So goes the paraphrased thought process of Mark Winston Griffith, executive director of the Black Movement Center, a non-profit group promoting communal organization in the black community of Crown Heights, New York.

Indeed, as gentrification spreads throughout the United States, the conflated image of Jews as the epitome of white folk based on their reputation for socioeconomic prosperity reigns supreme. To worsen matters, the schism continues to grow between Ashkenazi Jews who tend to associate themselves with whiteness and western ideals, and Mizrahi Jews who tend to uphold the remnant of claim Jews still have to a Middle Eastern homeland in the eyes of the western left.

In a time and world where intersectionality unfortunately pits “white” against
“non-white”, Jews living in the West must recall the atrocities of the Holocaust – a tragedy that revolved around the notion of the non-white European Jew – and re-embrace their Middle Eastern roots.
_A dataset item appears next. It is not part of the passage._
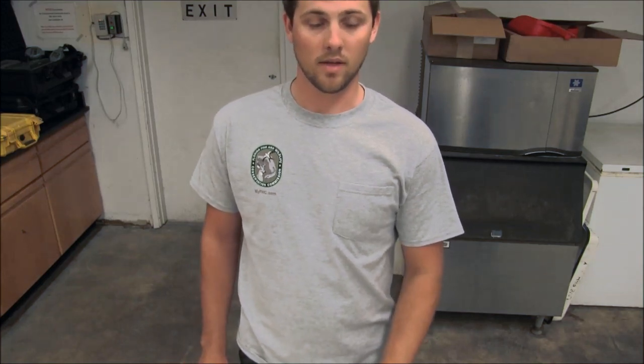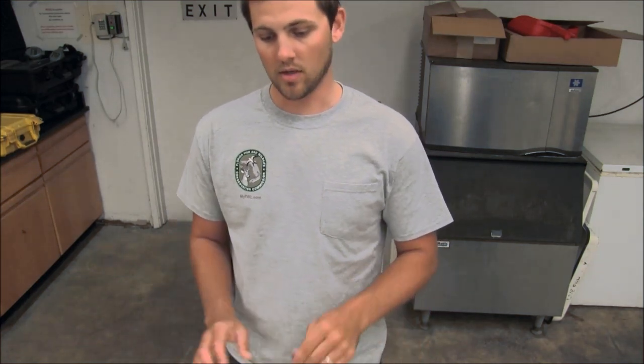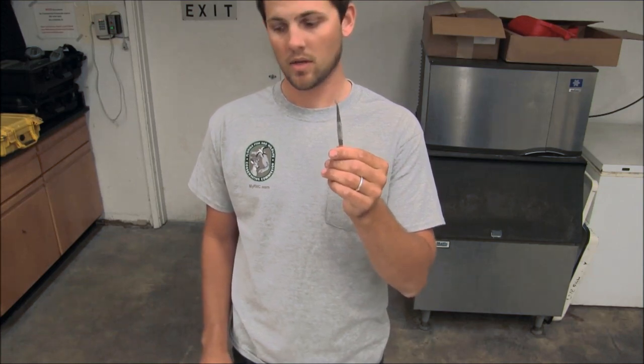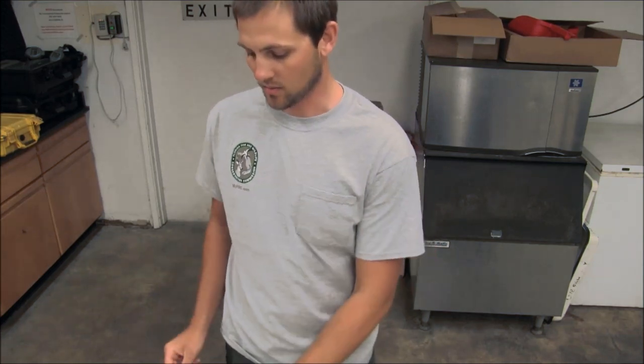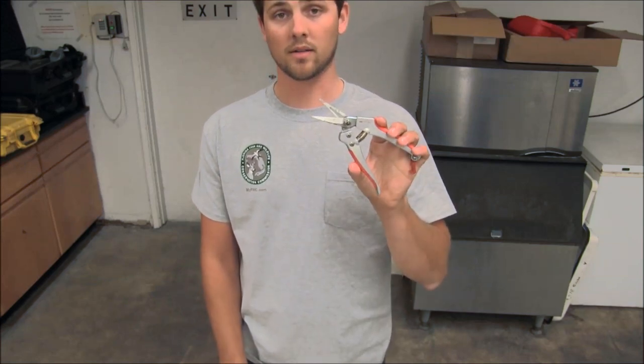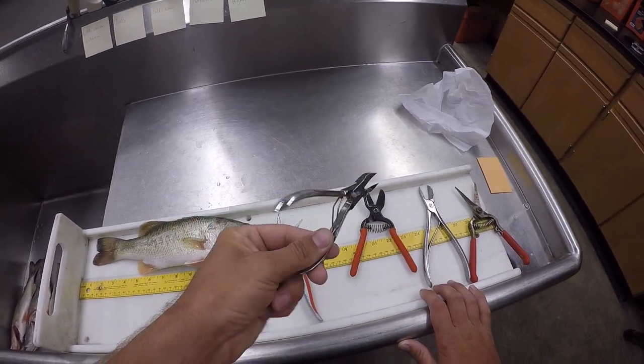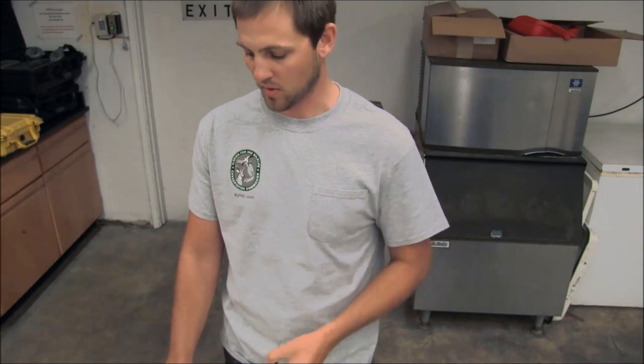Today we're going to be extracting sagittal otoliths from largemouth bass. Before you get started you're going to need a couple tools. First, you'll need a pair of tweezers. You'll also need some cutters to actually get to the otolith. They come in all kinds of sizes and shapes and a lot of times you'll just pair it up with what size or species of fish you're dealing with, in addition to personal preference.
Jews in the West have never been mainstream white

The left in particular has begun using the fact that Ashkenazim in particular have spent generations in Europe as a means to label them as white – “white” here meaning an ethnically European people who never set foot in the Levant prior to the period of Anglo-French colonization. Thus, many Ashkenazi Jews might feel a tug-of-war between accusations of white privilege by the left and “mongrel yids” by white supremacists. Indeed, the notion persists that despite historical evidence to the contrary such as the Holocaust and ongoing incidents such as the Tree of Life Synagogue shooting in Pennsylvania, status as an allegedly invisible minority has spared Jews from experiencing prejudice solely based on race.

Race is defined as a group of people with similarly distinguishing physical characteristics. Contrary to the notion that Jews never face discrimination based only off physical appearance or, perhaps more importantly, that they are even recognizable by physical features, the myriad examples of large nose and curly hair indicate the quintessence of physical stereotype. Just this past year in March 2019, the Belgian street parade sporting well-known Jewish caricatures of trollish, hook-nosed fiends demonstrates how these phenotype-based prejudices remain quite relevant.
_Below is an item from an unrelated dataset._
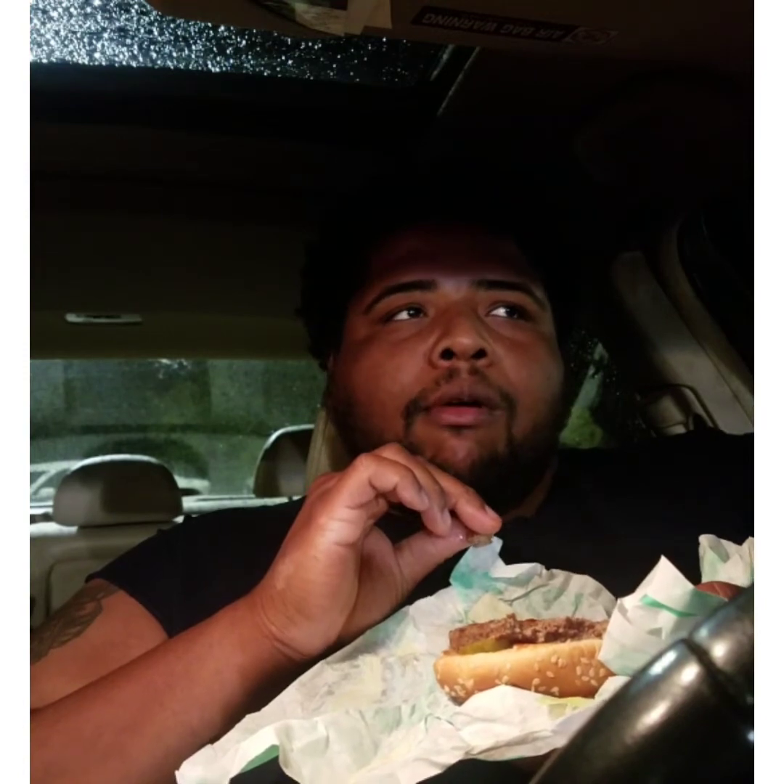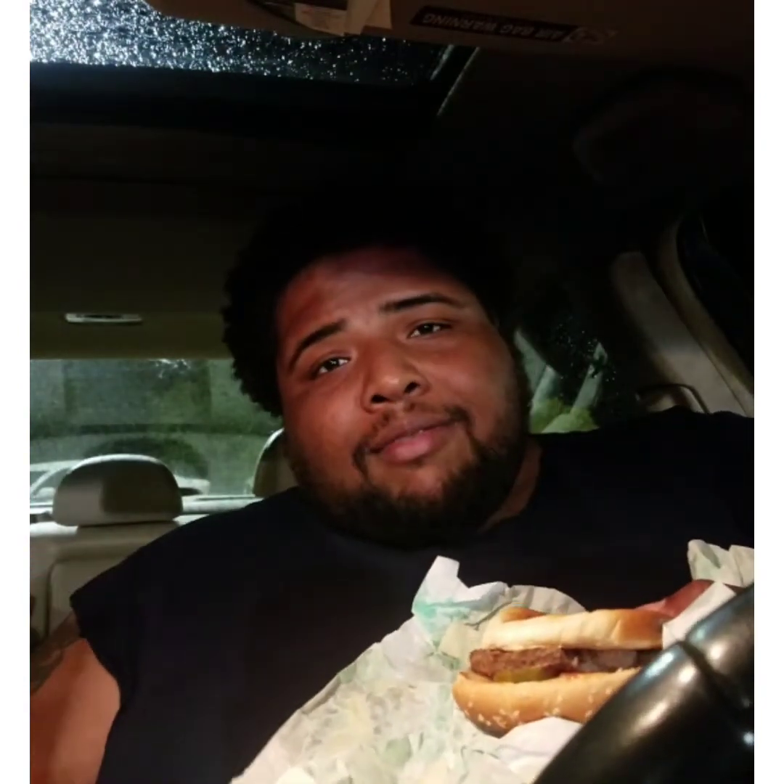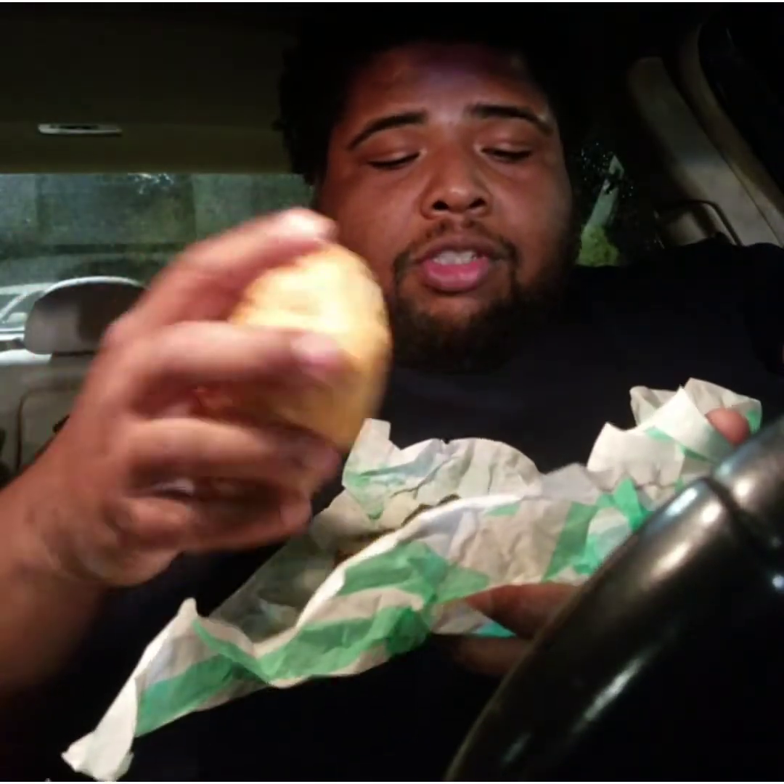It actually looks a lot like meat. Should I taste the patty by itself and then take a whole bite of the burger? You know what, I'm gonna taste it. It definitely has an aftertaste, but it has the consistency of meat. Okay — it doesn't taste just like beef; it's not beef, so obviously it's not going to taste just like beef. But it's not nasty — it just has a weird aftertaste. It has tomatoes, onions, pickles, lettuce — all the things you expect on a burger.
By the same token, the former Soviet Union required Jews to identify as “Hebrew” on their passports rather than Russian, again highlighting this sense of otherness projected by European Diaspora governments upon their resident Jewish populations.

Meanwhile, across the pond in the United States during the 1930s, fifty three percent of the population viewed Jews as different and in need of government restriction. In fact, many Jews at this time ran the risk of denaturalization, in the face of American leadership’s view of them as an Asian people from the Levant.

Furthermore, while the majority of Jews don’t face the same threat of being needlessly pulled over and potentially assaulted or shot by police as a black American might, hate crimes against Jews remain the highest among all faiths. For instance, the white supremacist terrorist who committed the mass shooting at Tree of Life Synagogue evidently cared not that the majority of his victims were Ashkenazi.

If Jews in the West should feel solidarity with anyone given their historical encounters with hardship, it should be with the struggle of African-Americans for justice in the face of wrongful incarceration as well as the fight for Native American territory amidst ever-encroaching industrialization by the US government, and the battle against Islamophobia. Jews, regardless of skin tone or the languages of the various Jewish Diaspora communities and despite the prosperity of some Jews in the West, continue to live on the social periphery of western civilization.